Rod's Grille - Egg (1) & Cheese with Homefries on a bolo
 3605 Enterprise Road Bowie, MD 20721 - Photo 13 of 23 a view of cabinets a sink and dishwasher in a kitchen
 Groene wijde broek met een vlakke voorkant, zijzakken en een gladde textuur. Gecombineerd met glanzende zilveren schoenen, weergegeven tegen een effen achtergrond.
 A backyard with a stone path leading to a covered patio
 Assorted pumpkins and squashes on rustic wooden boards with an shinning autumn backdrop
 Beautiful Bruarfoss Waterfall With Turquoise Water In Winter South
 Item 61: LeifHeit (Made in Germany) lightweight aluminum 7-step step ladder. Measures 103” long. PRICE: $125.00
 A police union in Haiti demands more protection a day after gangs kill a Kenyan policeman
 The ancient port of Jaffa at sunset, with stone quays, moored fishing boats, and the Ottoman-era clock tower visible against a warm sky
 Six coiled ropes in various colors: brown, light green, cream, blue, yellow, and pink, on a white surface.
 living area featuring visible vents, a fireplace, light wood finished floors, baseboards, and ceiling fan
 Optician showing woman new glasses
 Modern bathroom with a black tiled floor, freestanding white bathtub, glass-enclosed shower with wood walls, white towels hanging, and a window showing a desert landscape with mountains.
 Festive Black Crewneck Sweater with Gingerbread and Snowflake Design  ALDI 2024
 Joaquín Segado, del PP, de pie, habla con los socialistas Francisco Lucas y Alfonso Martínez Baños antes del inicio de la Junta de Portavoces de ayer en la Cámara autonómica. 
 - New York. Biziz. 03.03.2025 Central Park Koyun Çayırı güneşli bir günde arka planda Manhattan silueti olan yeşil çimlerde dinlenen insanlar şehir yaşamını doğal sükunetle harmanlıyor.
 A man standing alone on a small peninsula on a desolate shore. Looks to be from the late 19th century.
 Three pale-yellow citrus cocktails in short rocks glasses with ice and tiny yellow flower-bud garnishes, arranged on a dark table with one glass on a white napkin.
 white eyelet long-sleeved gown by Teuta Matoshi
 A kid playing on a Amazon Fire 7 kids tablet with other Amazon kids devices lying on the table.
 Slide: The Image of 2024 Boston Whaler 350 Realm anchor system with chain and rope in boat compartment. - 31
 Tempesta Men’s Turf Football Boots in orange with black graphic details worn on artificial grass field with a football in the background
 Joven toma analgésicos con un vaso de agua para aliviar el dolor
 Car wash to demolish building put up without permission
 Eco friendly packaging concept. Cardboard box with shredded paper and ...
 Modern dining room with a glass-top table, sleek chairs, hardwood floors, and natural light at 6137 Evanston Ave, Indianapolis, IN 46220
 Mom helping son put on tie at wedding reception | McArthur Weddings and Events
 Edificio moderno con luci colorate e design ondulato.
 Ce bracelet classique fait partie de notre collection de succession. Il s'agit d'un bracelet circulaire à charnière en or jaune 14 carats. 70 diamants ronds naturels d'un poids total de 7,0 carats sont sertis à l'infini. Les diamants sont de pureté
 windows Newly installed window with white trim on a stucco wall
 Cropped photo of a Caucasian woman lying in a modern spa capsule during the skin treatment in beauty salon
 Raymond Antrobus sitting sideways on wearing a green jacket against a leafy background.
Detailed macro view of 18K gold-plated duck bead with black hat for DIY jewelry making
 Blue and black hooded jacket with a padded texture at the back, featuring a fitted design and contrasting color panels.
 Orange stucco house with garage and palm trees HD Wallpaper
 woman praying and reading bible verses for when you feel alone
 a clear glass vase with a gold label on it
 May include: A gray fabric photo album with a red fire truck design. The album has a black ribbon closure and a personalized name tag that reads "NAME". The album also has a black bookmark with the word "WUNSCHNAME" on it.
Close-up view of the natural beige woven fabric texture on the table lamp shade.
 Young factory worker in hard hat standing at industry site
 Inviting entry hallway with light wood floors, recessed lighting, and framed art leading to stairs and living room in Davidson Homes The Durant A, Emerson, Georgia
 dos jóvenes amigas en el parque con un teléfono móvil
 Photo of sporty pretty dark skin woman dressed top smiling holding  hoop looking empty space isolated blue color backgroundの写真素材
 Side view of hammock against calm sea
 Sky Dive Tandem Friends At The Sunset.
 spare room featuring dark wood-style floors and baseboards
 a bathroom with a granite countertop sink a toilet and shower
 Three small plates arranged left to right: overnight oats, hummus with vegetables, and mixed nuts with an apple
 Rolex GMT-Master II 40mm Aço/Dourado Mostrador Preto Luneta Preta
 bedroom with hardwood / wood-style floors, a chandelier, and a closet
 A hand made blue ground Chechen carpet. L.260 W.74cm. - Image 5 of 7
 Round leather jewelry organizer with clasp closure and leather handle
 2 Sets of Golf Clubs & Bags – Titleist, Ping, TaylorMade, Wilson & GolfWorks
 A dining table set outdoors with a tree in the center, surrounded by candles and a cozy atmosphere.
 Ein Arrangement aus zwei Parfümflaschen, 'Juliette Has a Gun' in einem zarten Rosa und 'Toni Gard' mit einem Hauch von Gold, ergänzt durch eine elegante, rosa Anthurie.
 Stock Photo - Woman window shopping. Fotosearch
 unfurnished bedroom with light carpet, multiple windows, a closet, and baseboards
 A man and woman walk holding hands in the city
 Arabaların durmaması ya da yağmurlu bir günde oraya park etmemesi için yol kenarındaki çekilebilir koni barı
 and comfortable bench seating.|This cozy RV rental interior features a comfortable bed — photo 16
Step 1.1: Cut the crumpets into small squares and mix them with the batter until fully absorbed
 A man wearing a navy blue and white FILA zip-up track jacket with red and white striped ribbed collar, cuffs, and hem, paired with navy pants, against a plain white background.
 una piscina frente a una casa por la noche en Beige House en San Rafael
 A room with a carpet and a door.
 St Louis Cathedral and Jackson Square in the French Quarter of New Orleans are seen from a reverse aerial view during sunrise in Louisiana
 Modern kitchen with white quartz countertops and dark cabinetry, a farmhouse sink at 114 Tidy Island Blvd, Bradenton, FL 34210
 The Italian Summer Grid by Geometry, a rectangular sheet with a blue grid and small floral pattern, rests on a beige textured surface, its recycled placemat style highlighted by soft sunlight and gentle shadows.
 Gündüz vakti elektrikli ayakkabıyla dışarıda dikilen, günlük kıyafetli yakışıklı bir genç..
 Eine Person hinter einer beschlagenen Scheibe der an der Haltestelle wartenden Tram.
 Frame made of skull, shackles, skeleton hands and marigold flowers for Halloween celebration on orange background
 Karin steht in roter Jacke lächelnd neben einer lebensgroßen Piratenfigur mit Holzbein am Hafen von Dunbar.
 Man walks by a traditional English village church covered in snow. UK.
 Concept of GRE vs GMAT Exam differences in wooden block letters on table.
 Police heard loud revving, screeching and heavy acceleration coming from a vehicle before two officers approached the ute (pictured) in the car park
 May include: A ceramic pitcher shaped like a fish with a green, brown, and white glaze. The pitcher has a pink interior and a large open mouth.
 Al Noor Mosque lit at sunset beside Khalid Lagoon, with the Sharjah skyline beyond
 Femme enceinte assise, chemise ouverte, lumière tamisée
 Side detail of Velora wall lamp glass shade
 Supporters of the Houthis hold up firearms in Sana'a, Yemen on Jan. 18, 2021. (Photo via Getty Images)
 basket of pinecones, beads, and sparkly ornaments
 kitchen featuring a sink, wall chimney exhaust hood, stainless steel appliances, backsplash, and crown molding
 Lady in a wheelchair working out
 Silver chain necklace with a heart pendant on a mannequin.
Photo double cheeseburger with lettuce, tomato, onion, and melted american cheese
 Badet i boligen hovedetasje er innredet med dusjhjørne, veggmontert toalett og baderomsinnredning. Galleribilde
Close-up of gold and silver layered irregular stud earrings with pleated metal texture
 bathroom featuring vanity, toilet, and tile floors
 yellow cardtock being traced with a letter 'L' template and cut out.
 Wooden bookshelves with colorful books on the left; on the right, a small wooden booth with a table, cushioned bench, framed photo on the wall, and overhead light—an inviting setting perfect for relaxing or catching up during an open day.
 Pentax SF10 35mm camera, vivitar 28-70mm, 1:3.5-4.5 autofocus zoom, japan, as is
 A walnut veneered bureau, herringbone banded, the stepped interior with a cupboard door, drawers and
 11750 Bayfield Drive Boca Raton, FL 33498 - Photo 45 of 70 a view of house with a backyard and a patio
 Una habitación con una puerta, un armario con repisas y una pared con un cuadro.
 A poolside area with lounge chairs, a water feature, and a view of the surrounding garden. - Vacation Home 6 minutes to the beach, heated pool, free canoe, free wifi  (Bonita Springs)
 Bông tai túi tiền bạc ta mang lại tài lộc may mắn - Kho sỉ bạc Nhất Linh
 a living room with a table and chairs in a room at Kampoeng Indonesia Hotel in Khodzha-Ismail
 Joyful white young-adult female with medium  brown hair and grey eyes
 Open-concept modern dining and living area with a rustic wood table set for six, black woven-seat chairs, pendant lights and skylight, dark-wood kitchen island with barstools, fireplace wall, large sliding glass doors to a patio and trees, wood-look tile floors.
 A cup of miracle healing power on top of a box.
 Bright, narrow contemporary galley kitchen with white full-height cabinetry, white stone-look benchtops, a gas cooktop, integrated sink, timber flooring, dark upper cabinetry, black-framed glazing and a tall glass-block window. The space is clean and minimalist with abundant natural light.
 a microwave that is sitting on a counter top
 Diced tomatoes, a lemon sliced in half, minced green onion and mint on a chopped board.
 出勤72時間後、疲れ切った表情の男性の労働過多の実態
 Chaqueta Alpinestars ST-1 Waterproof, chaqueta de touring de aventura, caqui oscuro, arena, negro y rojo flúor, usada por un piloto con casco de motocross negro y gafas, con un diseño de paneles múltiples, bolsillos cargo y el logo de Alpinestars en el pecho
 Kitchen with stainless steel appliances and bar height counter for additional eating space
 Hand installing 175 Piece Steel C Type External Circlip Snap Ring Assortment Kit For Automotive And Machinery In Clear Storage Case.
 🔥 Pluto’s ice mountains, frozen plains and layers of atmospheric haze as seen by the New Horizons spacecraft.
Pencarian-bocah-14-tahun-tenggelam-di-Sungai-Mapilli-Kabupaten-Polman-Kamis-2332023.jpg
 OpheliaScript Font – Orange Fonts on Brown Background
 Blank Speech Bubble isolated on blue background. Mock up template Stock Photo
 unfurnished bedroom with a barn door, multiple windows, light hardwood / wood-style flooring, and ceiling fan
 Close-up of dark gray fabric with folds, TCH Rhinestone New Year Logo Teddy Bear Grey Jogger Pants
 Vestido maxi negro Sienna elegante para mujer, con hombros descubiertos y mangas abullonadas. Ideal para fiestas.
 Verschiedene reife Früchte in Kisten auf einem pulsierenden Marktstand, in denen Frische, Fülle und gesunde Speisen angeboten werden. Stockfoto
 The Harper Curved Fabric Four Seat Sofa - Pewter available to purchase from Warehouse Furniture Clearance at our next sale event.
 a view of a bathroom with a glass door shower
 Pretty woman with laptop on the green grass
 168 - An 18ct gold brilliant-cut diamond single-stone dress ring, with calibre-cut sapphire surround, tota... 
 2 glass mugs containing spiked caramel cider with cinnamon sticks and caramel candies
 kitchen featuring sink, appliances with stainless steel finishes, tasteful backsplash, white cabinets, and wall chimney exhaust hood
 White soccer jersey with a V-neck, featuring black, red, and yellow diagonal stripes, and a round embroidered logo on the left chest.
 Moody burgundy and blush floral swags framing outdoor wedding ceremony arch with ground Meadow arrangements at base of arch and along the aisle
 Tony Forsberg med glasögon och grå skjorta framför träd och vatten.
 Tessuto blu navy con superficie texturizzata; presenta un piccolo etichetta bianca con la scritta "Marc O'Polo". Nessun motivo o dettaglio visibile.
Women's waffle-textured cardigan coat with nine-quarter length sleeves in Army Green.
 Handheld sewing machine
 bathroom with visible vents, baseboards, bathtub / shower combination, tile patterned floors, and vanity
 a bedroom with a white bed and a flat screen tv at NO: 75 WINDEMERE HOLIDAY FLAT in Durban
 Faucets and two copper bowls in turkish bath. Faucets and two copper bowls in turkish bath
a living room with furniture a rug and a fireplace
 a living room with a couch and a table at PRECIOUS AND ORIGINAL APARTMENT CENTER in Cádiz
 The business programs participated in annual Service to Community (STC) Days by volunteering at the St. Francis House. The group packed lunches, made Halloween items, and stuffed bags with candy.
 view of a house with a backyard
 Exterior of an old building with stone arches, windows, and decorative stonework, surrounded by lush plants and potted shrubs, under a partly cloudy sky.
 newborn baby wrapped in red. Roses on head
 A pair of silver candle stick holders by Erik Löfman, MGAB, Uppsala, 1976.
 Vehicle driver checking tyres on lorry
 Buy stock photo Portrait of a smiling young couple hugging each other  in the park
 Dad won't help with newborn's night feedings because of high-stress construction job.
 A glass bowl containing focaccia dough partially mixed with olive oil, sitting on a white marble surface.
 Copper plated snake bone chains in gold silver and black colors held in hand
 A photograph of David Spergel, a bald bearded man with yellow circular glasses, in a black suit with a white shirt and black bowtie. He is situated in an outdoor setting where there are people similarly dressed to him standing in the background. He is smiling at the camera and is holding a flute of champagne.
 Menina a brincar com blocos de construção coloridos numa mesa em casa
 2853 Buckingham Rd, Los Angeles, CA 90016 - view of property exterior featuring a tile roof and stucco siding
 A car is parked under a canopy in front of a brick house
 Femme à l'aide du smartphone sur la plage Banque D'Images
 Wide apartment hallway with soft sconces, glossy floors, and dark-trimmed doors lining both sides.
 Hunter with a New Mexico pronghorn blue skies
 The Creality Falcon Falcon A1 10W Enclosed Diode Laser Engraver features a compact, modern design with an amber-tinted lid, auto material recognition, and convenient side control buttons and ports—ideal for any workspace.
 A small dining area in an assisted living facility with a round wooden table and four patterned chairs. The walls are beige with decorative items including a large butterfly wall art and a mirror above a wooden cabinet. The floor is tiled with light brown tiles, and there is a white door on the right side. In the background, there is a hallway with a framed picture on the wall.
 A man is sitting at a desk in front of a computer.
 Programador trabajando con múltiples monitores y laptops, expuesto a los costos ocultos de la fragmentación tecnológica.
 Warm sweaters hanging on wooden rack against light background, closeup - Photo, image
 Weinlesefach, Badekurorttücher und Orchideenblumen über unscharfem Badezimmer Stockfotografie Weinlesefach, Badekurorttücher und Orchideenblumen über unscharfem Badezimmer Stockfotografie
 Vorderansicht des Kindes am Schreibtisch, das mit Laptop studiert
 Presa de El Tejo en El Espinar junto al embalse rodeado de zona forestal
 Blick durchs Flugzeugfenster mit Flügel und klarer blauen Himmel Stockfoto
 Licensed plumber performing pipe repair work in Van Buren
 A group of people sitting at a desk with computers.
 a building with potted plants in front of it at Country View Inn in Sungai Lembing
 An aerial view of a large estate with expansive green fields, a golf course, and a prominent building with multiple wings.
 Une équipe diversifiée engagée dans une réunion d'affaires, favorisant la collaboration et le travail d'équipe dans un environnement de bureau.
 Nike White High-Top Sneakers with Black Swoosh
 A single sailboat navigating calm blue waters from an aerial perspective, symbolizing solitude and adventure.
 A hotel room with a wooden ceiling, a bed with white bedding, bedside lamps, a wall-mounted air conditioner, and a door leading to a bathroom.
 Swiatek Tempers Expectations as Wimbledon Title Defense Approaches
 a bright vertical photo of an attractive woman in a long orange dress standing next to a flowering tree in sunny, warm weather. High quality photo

========================================

Quote the line that contains "a building with" and each line after it through the end of the data, exactly, leaving out everything else.

-- EXPECTED ANSWER --
 a building with potted plants in front of it at Country View Inn in Sungai Lembing
 An aerial view of a large estate with expansive green fields, a golf course, and a prominent building with multiple wings.
 Une équipe diversifiée engagée dans une réunion d'affaires, favorisant la collaboration et le travail d'équipe dans un environnement de bureau.
 Nike White High-Top Sneakers with Black Swoosh
 A single sailboat navigating calm blue waters from an aerial perspective, symbolizing solitude and adventure.
 A hotel room with a wooden ceiling, a bed with white bedding, bedside lamps, a wall-mounted air conditioner, and a door leading to a bathroom.
 Swiatek Tempers Expectations as Wimbledon Title Defense Approaches
 a bright vertical photo of an attractive woman in a long orange dress standing next to a flowering tree in sunny, warm weather. High quality photo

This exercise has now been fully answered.